Both Dombrowski and Tigers manager Brad Ausmus were surprised Chamberlain was available for signing. Dombrowski said the team always had interest in Chamberlain but did not think a deal would happen.
“We stayed in contact with him throughout the winter,” Dombrowski said. “We always liked the job that Joba did for us last year. Really was more in a situation having added Joakim Soria and having [Bruce] Rondon come back, we had felt very comfortable with the guys we have, but we stayed in contact. He wanted to come back here, he liked it here, he understood our circumstances of limited ability to kind of pursue him as far as roster spots but as far as also dollars were concerned.”
“I … thought somebody else would step up and entice him to join them,” Dombrowski added. “I don’t know what happened in terms of why he turned down a couple offers. I’m not really sure about that. I never really asked him that, but I just assumed as people looking for pen and his name’s been out there and I know people have had interest, that something would work out somewhere else, but it just didn’t, for whatever reason – and I do know at the end he had some other offers and he just got back and [his representative] said, ‘Hey, you know what, he likes it there, he liked his teammates, he liked playing for Brad, he liked dealing with Jonesy, and he wants to come back to the Tigers.'”
Last year, the Tigers did not sign Chamberlain to be their eighth-inning man. Rondon was supposed to land that job, but his injury kept him sidelined all season, and Chamberlain filled the void. For the first half of the season, he did so quite well.
“I’ve said it before – he was our most consistent pitcher from wire to wire,” Ausmus said in his office Tuesday. “I know people like to point to the fact that he didn’t pitch as well in the second half as he did in the first half, but all in all, you put the season together, he pitched pretty well for us – really in a slot that he wasn’t expected to pitch in. We thought Rondon might pitch in the eighth inning, and he ended up being the eighth-inning guy because Rondon got hurt, so I think he definitely adds to that depth we talked about yesterday.”
Chamberlain said he should be ready to jump into workouts with the team because he has been staying in shape and throwing bullpens while he waited for a deal to happen.
“I’ve been throwing bullpens and everything, so I’ll sit down with Jonesy [pitching coach Jeff Jones], I’ll probably throw a bullpen tomorrow and basically just kind of go from there,” Chamberlain said. “Games start soon. I’m not too far behind, if behind at all, whatever you want to call it. I’ve probably thrown six or seven bullpens. We’re right where we need to be.”

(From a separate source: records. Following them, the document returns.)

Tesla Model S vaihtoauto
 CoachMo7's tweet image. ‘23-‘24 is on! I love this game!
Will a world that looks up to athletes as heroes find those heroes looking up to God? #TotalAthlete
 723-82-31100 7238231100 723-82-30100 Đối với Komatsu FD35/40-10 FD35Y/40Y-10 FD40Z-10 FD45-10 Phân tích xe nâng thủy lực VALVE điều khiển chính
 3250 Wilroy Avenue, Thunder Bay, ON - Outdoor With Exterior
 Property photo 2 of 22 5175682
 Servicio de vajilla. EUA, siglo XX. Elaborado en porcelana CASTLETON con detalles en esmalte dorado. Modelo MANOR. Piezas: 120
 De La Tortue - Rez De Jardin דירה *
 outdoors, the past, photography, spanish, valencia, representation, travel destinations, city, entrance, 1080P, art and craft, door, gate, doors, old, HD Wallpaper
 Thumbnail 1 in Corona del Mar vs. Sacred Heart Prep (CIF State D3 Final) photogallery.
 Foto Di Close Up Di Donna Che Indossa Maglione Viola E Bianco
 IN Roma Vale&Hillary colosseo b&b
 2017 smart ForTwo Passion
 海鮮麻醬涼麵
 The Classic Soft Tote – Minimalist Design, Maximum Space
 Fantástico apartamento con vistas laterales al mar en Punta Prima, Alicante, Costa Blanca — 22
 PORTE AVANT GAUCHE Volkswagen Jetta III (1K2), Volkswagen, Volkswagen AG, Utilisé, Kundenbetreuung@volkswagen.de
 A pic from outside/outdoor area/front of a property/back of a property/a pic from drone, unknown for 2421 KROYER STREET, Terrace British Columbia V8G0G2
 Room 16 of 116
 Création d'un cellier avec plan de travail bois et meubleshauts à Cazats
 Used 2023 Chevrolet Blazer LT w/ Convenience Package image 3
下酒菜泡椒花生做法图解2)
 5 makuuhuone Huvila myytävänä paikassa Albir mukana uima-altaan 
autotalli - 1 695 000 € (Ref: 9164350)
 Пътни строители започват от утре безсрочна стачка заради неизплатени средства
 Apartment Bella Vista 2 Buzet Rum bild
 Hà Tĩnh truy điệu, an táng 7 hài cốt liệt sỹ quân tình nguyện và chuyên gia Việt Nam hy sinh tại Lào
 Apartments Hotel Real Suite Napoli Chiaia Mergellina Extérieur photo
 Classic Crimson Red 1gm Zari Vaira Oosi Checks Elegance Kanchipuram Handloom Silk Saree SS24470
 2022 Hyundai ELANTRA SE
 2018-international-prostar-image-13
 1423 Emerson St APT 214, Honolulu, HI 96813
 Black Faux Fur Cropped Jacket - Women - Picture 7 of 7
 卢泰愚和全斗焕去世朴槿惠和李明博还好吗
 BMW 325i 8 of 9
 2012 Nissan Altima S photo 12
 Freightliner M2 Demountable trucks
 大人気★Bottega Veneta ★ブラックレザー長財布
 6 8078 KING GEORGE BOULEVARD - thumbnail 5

Chamberlain insisted he did not pitch too many innings last season. He described the source of some of his struggles as the adjustment to the workload rather than the workload itself.
“It was the first time that I’d been completely healthy, and it’s just when you go through a workload like that, it takes a toll, but that’s not an excuse,” Chamberlain said. “I’ve got to do my job better, and I know that and I know some things I can change. Obviously having two full healthy years of offseason work and doing the things that I’ve done, I can kind of take bits and pieces of what helped me and hurt me last year. I’m really looking forward to it.”